The base directory for code, virtual environments, data and outputs, set either with the $MILABENCH_BASE environment variable or the --base option. The base directory will be automatically constructed by milabench and will be organized as follows:

$MILABENCH_BASE/
|- venv/                            # Virtual environments and dependencies
|  |- bench1/                       # venv for benchmark bench1
|  |- ...                           # etc
|- code/                            # Benchmark code
|  |- bench1/                       # Code for benchmark bench1
|  |- ...                           # etc
|- data/                            # Datasets
|  |- dataset1/                     # A dataset
|  |- ...                           # etc
|- runs/                            # Outputs of benchmark runs
   |- calimero.2022-03-30_15:00:00/ # Auto-generated run name
   |  |- bench1.0.stdout            # Output for the first run of bench1
   |  |- bench1.0.stderr            # Stderr for the first run of bench1
   |  |- bench1.0.data              # Structured data for the first run of bench1
   |  |- bench1.1.stdout            # Output for the second run of bench1
   |  |- ...                        # etc
   |- blah/                         # Can set name with --run

It is possible to change the structure in the YAML to e.g. force benchmarks to all use the same virtual environment.

Important options

Use the --select option with a comma-separated list of benchmarks in order to only install/prepare/run these benchmarks (or use --exclude to run all benchmarks except a specific set).
You may use --use-current-env to force the use the currently active virtual environment.

milabench install

milabench install --config config/standard.yaml --select mybench

Installs the benchmark specified in the definition field of the benchmark’s YAML, relative to the YAML file itself.
Creates/reuses a virtual environment in $MILABENCH_BASE/venv/mybench (unless install_group is set to something different) and installs all pip dependencies in it.

milabench prepare

milabench prepare --config config/standard.yaml --select mybench

Prepares data for the benchmark into $MILABENCH_BASE/data/dataset_name. Multiple benchmarks can share the same data. Some benchmarks need no preparation, so the prepare step does nothing.
May also download model weights or preprocess data.

milabench run

milabench run --config config/standard.yaml --select mybench

Creates a certain number of tasks from the benchmark using the plan defined in the YAML. For instance, one plan might be to run it in parallel on each GPU on the machine.
The benchmark is run from that directory using a command like voir [VOIR_OPTIONS] main.py [SCRIPT_OPTIONS] * Both option groups are defined in the YAML. * The VOIR_OPTIONS determine/tweak which instruments to use and what data to forward to milabench. * The SCRIPT_OPTIONS are benchmark dependent.
Standard output/error and other data (training rates, etc.) are forwarded to the main dispatcher process and saved into $MILABENCH_BASE/runs/run_name/mybench.run_number.stdout (.stderr / .data) (the name of the directory is printed out for easy reference).

milabench pin

milabench pin --config config/standard.yaml --select mybench --variant cuda

The basic idea behind milabench pin is to pin software versions for stability and reproducibility. Using the command above, the base requirements in benchmarks/mybench/requirements.in will be saved in requirements.cuda.txt. If variant is not specified, the value of install_variant in the config file will be used (in standard.yaml, which is install_value: "{{arch}}"; that resolves to either “rocm” or “cuda” depending on the machine’s architecture).

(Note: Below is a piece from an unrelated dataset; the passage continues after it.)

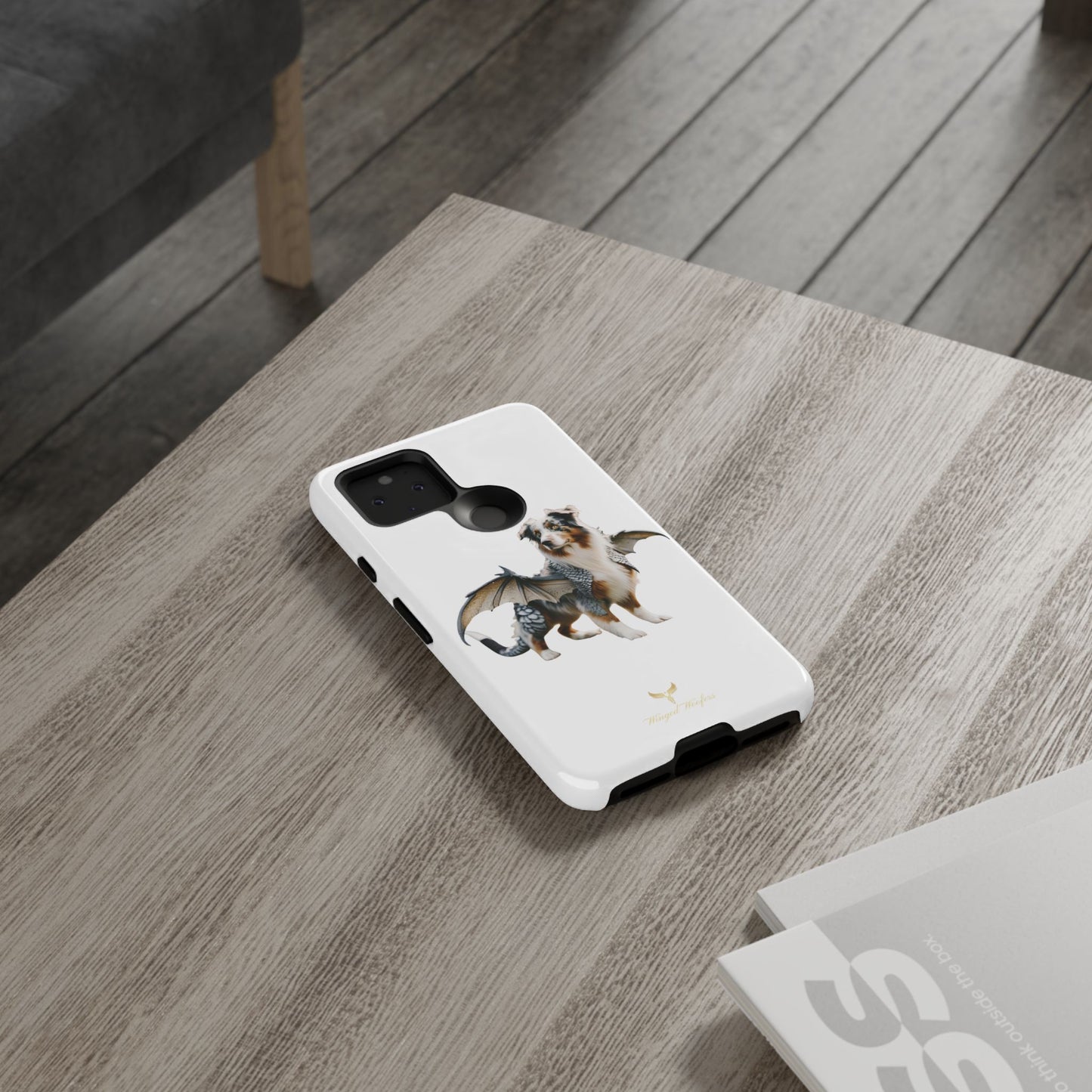 Fantasy Australian Shepherd Dog Phone Case with Wings - Tough Cases for Animal Lovers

For a given variant, the installation is also constrained by constraints/variant.txt, if the file exists. The file specifies appropriate constraints for the architecture, CUDA version, or other constraints that are specific to the environment.

You can add more constraints with --constraints path/to/constraints.txt.

milabench report

TODO.

milabench report --config config/standard.yaml --runs <path_to_runs>

milabench compare

TODO.